The problem is that when they pull stunts like this latest egregious example, it blows that narrative straight out of the water and makes it look even more like traditional media outlets are no better than your random Internet user. They may get some things right and they may get some things wrong. Sometimes, they can even be real dicks about it too. What really puts the cherry on the hypocritical cake is when newscasters sit there behind that fancy desk and smugly say, “Yeah, don’t believe everything you read on the Internet.” That alone justifies the anger when these same people find themselves being part of the problem of misinformation.

The disturbing part in all of this is that there are people out there who will believe everything this segment said at face value. People are going to believe that Section 230 is the sole reason that online harrassment and misinformation exists today and that it needs to be revoked. They are going to justify this belief because there was an editorial process to make sure everything is correct.

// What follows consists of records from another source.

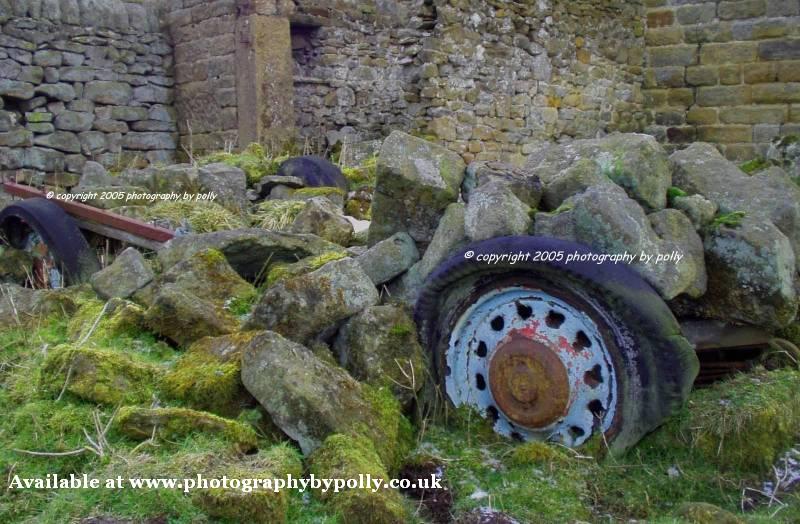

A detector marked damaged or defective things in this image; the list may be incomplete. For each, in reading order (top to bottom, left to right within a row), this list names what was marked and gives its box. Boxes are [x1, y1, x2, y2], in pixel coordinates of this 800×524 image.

rusted metal sheet [1, 181, 174, 245]
rusty metal bar [1, 182, 174, 244]
rusty wheel hub [488, 336, 568, 430]
rusted orange paint on hub [488, 336, 568, 430] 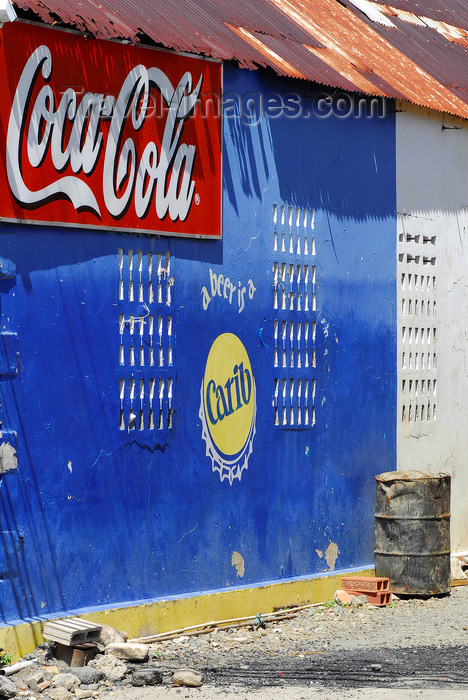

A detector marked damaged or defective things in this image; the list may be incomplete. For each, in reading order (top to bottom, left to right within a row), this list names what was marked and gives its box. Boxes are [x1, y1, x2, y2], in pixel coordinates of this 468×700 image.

rusty corrugated metal roof [11, 0, 468, 119]
rusted roof panel [11, 0, 468, 119]
rusty oil drum [374, 470, 452, 596] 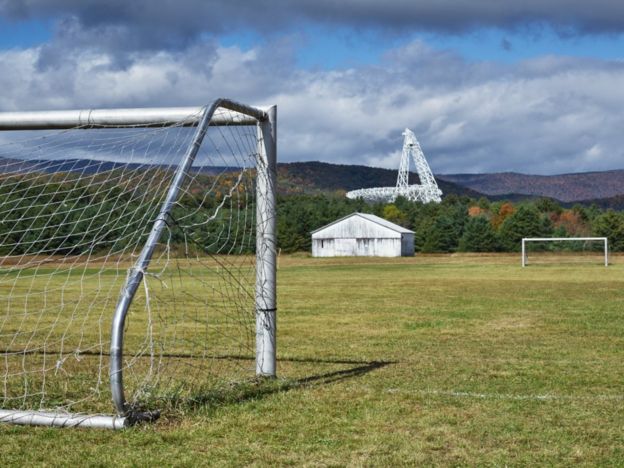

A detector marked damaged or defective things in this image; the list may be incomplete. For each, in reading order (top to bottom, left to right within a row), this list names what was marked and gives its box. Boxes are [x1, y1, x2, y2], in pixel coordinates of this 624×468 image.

goal post bent corner [0, 98, 276, 428]
goal post bent corner [520, 238, 608, 266]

They are going to also justify this belief because it is a news special and that reporters actually dug deep into the story to understand every nuance to this story.

For us who actually know about these issues, we know for a fact that this clearly did not happen. As a result, there are going to be people who will look at people like us fully explaining the issue and think, “Well, 60 Minutes had a different take, so clearly you are wrong” or “you are just a partisan hack who doesn’t know what they are talking about.” So, when we see what some are describing as a hit piece, it makes our jobs more difficult. That, in turn, justifies why people like us are angry that this even happened. What’s worse is that this didn’t just air in the United States, but also Canada as well (which is why I ended up writing about it in the first place). Who knows how many other countries this segment aired in?

If the people who think that this is intentionally misleading are correct, then most of this article will not matter to the producers of the show. The facts didn’t matter. The counterpoints did not matter. What matters is an agenda was set and that there will be people who will conclude that Section 230 needs, at the very least, serious reform to cure society of so many ills. Who cares what the fallout will be as a result of this? The message was sent and the job was done. I personally really really hope that this is not the case here. At this stage, I can’t say that this is definitely not what happened here based on what I saw. Just look at some of the responses on Techdirt to see what I mean when I talk about people thinking this misinformation was intentional.

Regardless of where the truth lies in how this all happened in the first place, perhaps we can go ahead and rely on a different quip, “Use your head and don’t believe everything you see on TV.”